Dataset records
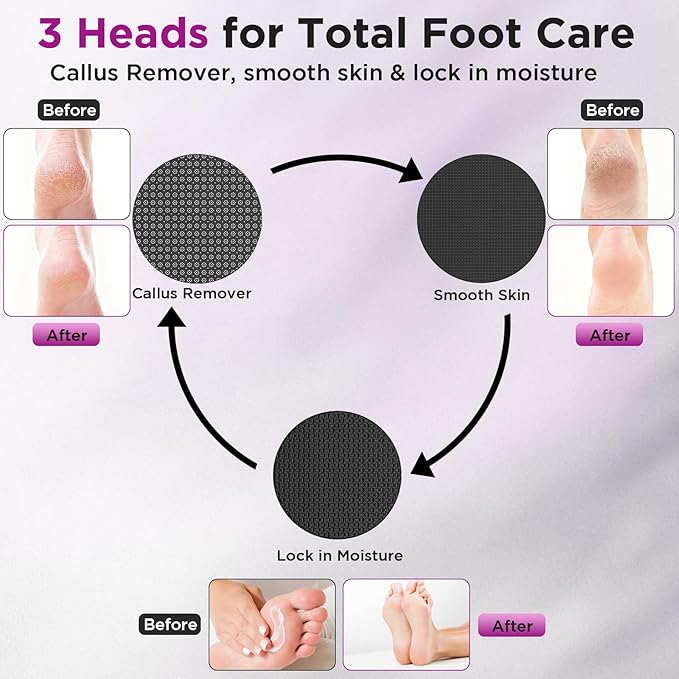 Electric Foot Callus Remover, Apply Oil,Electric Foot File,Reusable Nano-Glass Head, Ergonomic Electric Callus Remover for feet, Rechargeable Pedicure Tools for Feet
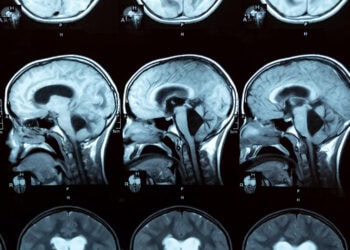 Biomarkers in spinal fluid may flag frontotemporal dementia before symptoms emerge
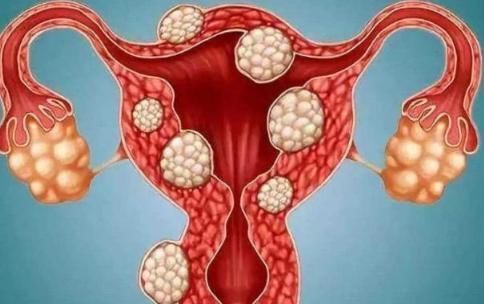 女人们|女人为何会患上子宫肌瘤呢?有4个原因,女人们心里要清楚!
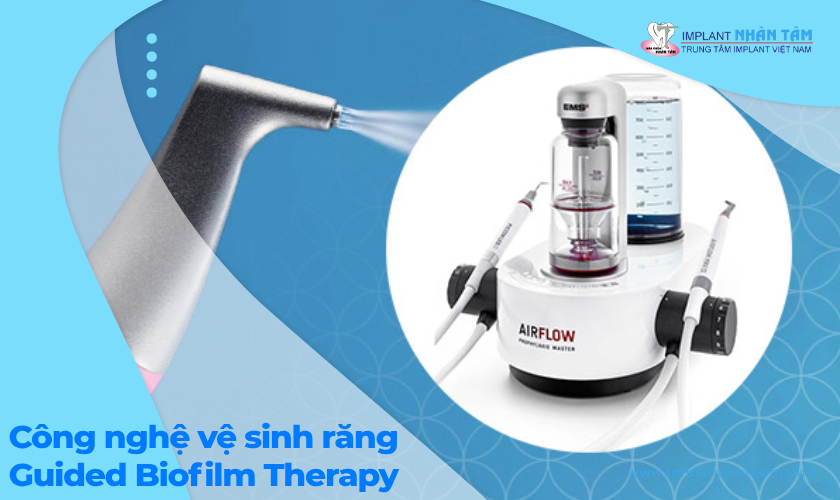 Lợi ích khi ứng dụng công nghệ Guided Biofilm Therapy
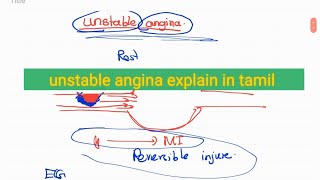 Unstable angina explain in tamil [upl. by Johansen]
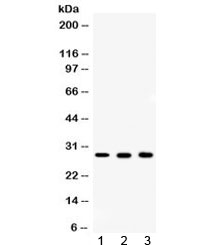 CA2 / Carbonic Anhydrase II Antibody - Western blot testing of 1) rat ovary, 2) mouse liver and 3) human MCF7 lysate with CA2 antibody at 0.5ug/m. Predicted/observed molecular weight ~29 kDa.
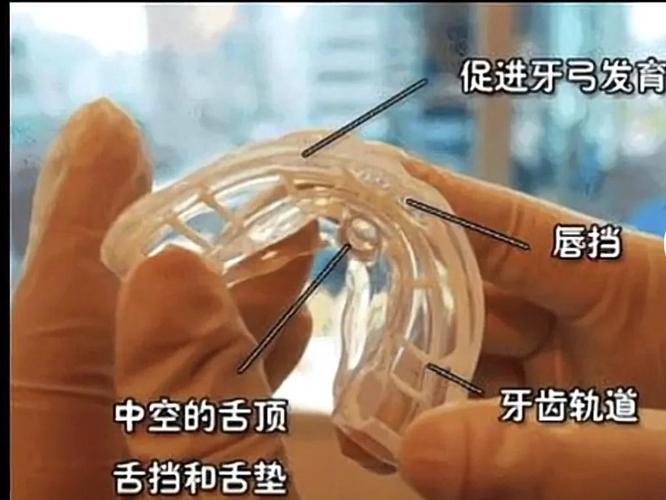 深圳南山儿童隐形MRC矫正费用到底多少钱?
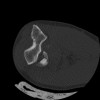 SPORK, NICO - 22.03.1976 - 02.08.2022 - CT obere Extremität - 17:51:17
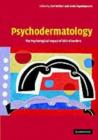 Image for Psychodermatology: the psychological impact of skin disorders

— Problem description —
With the pictures omitted, set down each line exactly, starting at the first line of the records above and ending with the line that contains "Biomarkers in spinal".

— Your response —
 Electric Foot Callus Remover, Apply Oil,Electric Foot File,Reusable Nano-Glass Head, Ergonomic Electric Callus Remover for feet, Rechargeable Pedicure Tools for Feet
 Biomarkers in spinal fluid may flag frontotemporal dementia before symptoms emerge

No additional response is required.